The Breathalyzer, which can provide a quick measurement of a person's blood alcohol concentration level, is only one of many kinds of evidence that can be used against a person who has been charged with a DUI. Washington drivers should be aware that passing a BAC test does not mean an automatic acquittal.

There are several characteristics people can exhibit when they are driving while impaired, according to information from the National Highway Traffic Safety Administration. The driving patterns give law enforcement enough reason to stop a vehicle and evaluate the situation for a DUI.

Individuals should refuse to answer any questions regarding their recent alcohol consumption until they consult with an attorney, as is their right, as their statements can be used against them in court. A police officer will include in his or her statement an individual's admission of having any amount of alcoholic drinks. The behavior of the individual will also be noted.

When a person is asked to undergo a test, he or she is required to do so, according to implied consent laws. Refusing a chemical test can result in the denial being admitted as incriminating evidence in court and the automatic suspension of driving privileges. If a person fails a test with a BAC of 0.08 or higher, he or she will likely be taken into custody.
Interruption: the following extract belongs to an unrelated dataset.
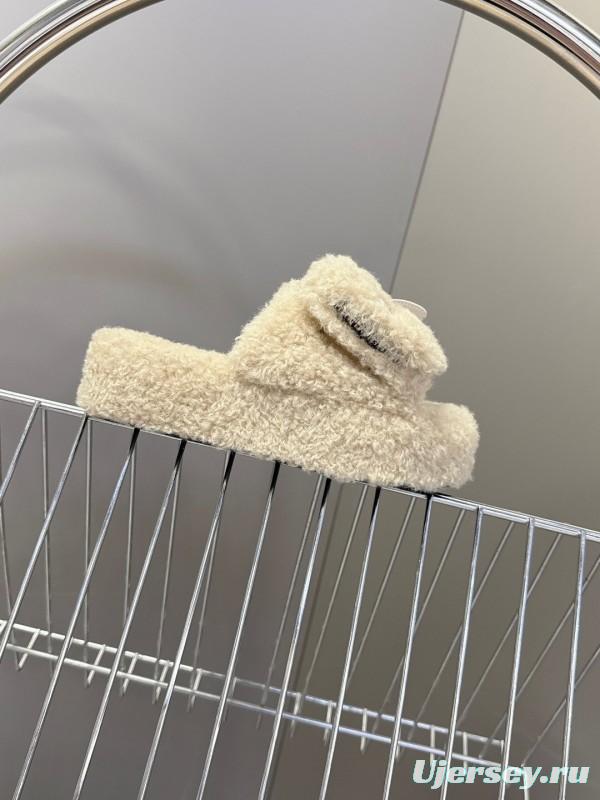 Balenciaga 2025 SS Couple Edition Coca-Cola Fur Slides - KFY00230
A driver may also be charged with a DUI if he or she has a BAC between 0.05 and 0.07 and there is additional evidence indicating impairment.

Individuals who are suspected of drunk driving should speak with a criminal defense attorney to see if there are ways to counter the allegations. Breath tests sometimes give false results, and an attorney may find it advisable to mount a challenge on the basis that the machine that was used was improperly calibrated at the time.